The most common arguments made regarding undue hardship relate to cost and health and safety.  To return to an earlier example from the condominium context, it may be possible to show that a hut constructed on a balcony would pose a structural threat to the balcony itself, or be a fire hazard.  Engineering evidence would be required to prove that assertion.  From the cost perspective, one could advance an argument that a particular accommodation would be so expensive as to cause the condo corporation to run a deficit, but the corporation would have to open its books and provide detailed accounting information to substantiate that claim.  It is also possible that a Tribunal could find that it would be reasonable for a condo corporation to run a deficit in order to accommodate a resident in certain circumstances.

Arbitrators under the Condominium Act Must Hear Human Rights Arguments

  1. Many, if not most, condominiums require purchasers of units to sign an agreement containing an arbitration clause.  The clause typically provides that if the owner and the corporation have a dispute, they agree to resolve that dispute through the process contemplated under the Arbitrations Act.
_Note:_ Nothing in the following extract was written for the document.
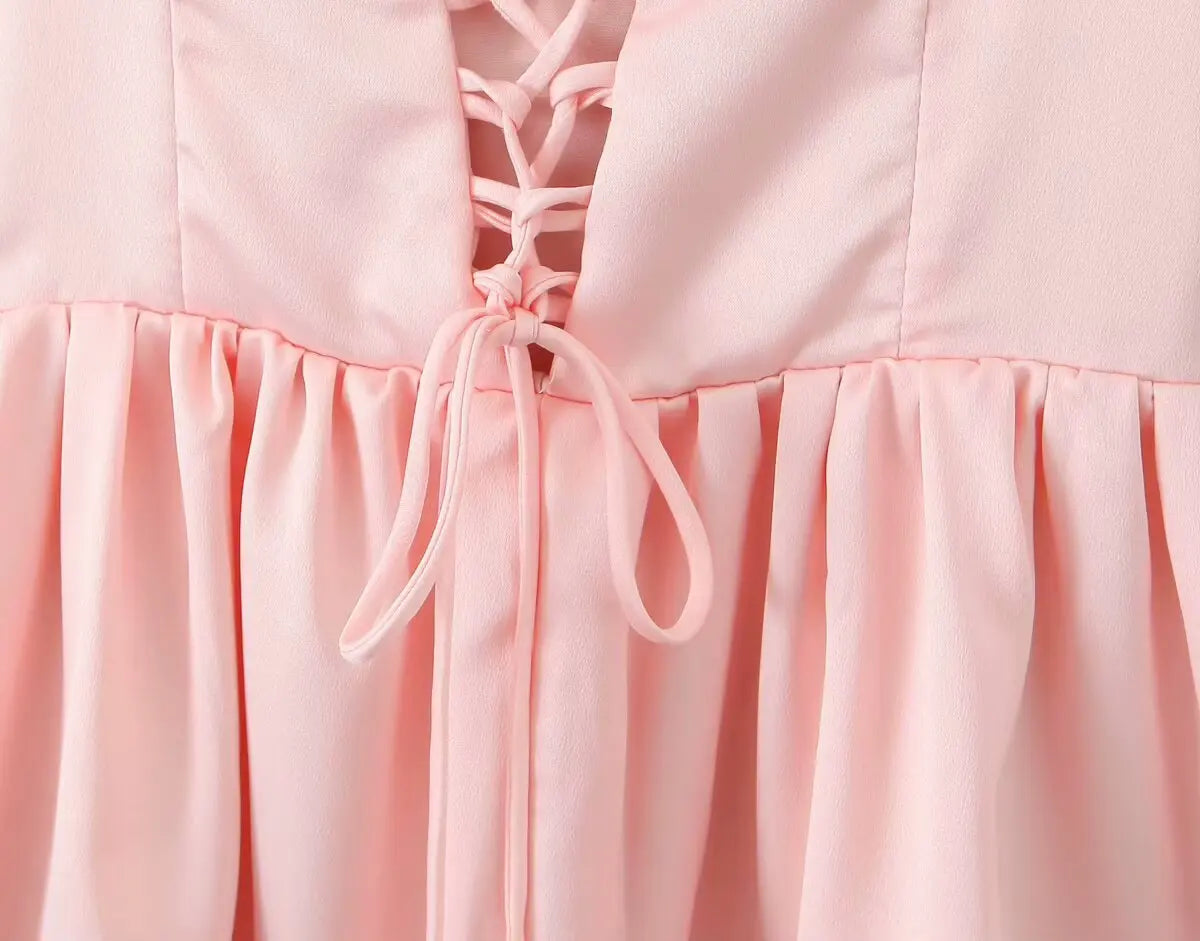 2025 Pleated Design Tie up Sleeveless Summer Dresses Women Solid Color Fitted Fit Mini Dress Simple Fashion Party Dress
Many condominiums have also passed a Mediation Arbitration By-Law applicable to all residents, rather than have individual agreements.  The By-Law sets out procedures to be followed in the face of a dispute.  If the By-Law passes the test provided under the Condominium Act it is then registered on title to each unit and procedurally binds each unit owner and the corporation.

The Supreme Court has recently ruled that certain administrative law decision-makers cannot decline jurisdiction to hear a human rights argument that has been properly advanced before them.  What this means for the condominium context is that if an owner/resident believes that the condominium corporation is not properly accommodating a disability or a religious requirement, then that issue can be argued before the arbitrator, and the arbitrator would most likely be required to decide the matter one way or the other, and to apply the Code in so doing.vi

Previously, an arbitrator could have refused to hear a human rights issue on the basis that the only matter before the arbitrator was a dispute under the Condominium Act, or a matter relating to the enforcement of a condominium’s declaration, by-laws, etc.  The arbitrator could have previously taken the position that there was no jurisdiction to consider and apply the Human Rights Code.

Having a Human Rights Policy is a Generally Good Idea

  1. Generally speaking it is a good idea for organizations to have human rights policies, and we have acted for several condominium corporations in drafting policies and procedures.  However, the major caveat to this statement is that it is counterproductive to have policies that cannot be enforced, or that will not be enforced in practice.

Whenever we draft a human rights policy for an employer, a condominium corporation, or another organization, our first consideration is always: “What are the actual capabilities of this organization?”  If we are dealing with a small organization with limited resources, we draft a simpler policy with fewer procedural steps.  If the organization is a large one with greater capabilities and resources, then the policy can be more detailed and comprehensive.

If a condominium corporation has a human rights policy that provides procedural or substantive guarantees that go above and beyond what is required by the Code, and if those procedures are not followed in a given case, the Tribunal can make a finding of liability.  In some cases the Tribunal has looked at an organization’s internal policies and found inconsistencies between the policy and the practice, leading to a conclusion that there was a breach of the Code.vii  The lesson here is that a comprehensive and thorough policy that is not followed in practice could do more harm than good.



i Human Rights Code, R.S.O. 1990, c. H.19, ss. 1, 2(1), and 3 (“Code”).

ii Code, s. 47(2).

iii Code, s. 11(1)-(2).

iv Syndicat Northcrest v. Amselem, 2004 SCC 47, [2004] 2 S.C.R. 551.

v Giguere v. Popeye Restaurant, 2008 HRTO 2 (CanLII).

vi Tranchemontagne v. Ontario (Director, Disability Support Program), 2006 SCC 14, [2006] 1 S.C.R. 513.

vii Abdallah v. Thames Valley District School Board, 2008 HRTO 230 (CanLII).